With some networks, especially those using small batches, I have found that there is a big improvement if you do a little training at the end with a very low learning rate, about 1/10 of the previous rate. So you might start with a rate of 0.1, eventually you will decrease it to 0.05, 0.02, 0.01, and 0.005. Finally, cut the rate to 0.0005 and do a little more training. With many networks this will help it nestle into a narrow minimum and thus results in a relatively large improvement in performance. However, you only want to do that at the end of training.
The magnitude of the initial random weights is not something people think about too much, but it can have a critical effect on the success of the network. The conventional wisdom has always been that very small initial weights (+/-0.001 or smaller) are best because logistic units will be at the most sensitive parts of their sigmoid. It was feared that larger weights would pin units on the flat part of their sigmoids where derivatives are very small.
However, there is a cost involved in using small initial weights. Error backprogated across a link is scaled by the weight of that link. Thus, small initial weights can also lead to very small derivatives reaching early links in a multi-layer network.
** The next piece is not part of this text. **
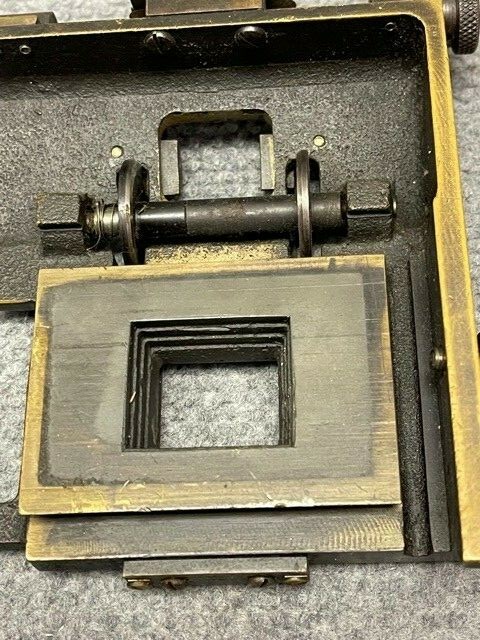 CENTURY JJ 35mm/70mm Projector Trap Assembly J4-E-50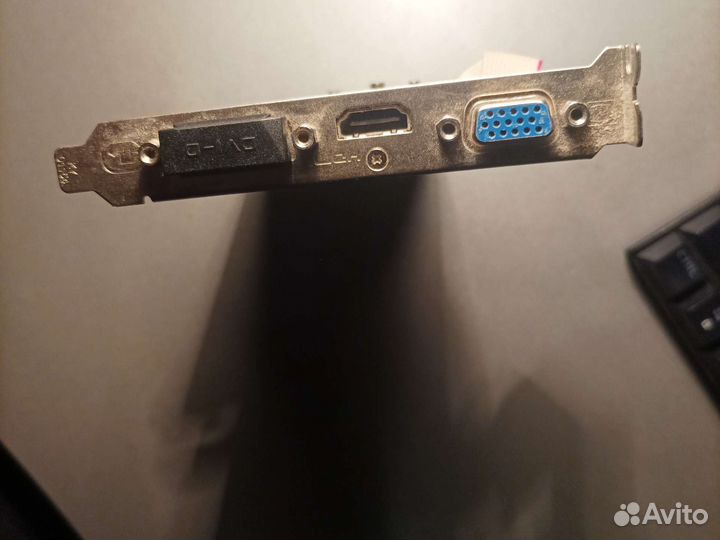 Видеокарта oribi D10M1 Geforce 512 MB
Conceptually, if all hidden units have roughly the same activation on all examples, information will not propagate effectively from the input layer to the output layer. A change in the input pattern may have very little effect on the output unit activations. As a result, error cannot be attributed to early weights and learning will be slow.
Thus, you must choose an initial weight range that balances the problem of pinned units with the problem of inactive units due to tiny weights. A good rule of thumb for groups with sigmoidal units is that the distribution of activation values across units and across examples should be evenly distributed in the range [0,1]. Or, perhaps a bit better, the distribution should be slightly rounded in the middle, with fewer extreme values.
Therefore, the size of the initial weights into a unit should depend on the number of links into the unit. The more inputs, the smaller the weights on those inputs should be. Thus, you may want different randRange values for each group. The randRange value should be based on how many links there are into a group and the expected activation level of the units feeding those links. If we assume that the activation on all units feeding the group is fixed at 1.0 and the units have a logistic activation function with a gain of 1.0, the following table gives the appropriate range of initial weights:
Number of Inputs | Init Rand Range |
5 | 1.2 |
10 | 0.90 |
20 | 0.60 |
40 | 0.45 |
60 | 0.35 |
80 | 0.30 |
100 | 0.25 |
150 | 0.20 |
200 | 0.18 |
500 | 0.12 |
As you can see from the table, the optimal weight randomization range is still fairly high, even with 200 inputs. The magnitude does not decrease much when jumping from 100 to 200 inputs. Note that these values are based on having sending units with activations of 1.0. In practice, the sending units will either be from an input group or a hidden layer. If they are from an input group, then you should estimate the number of inputs that will be active, on average, when choosing the randRange. If there will be about 10 inputs active, you might choose a randRange of 0.9 for the input-to-hidden projection. If the projection is coming from a hidden layer, you might estimate that the activations of units in the hidden layer will be evenly distributed in the range [0,1]. Therefore, this is effectively like having half as many units with activations of 1.0. So if there are 80 hidden units feeding the output layer, the randRange of the hidden-to-output projection should be around 0.45.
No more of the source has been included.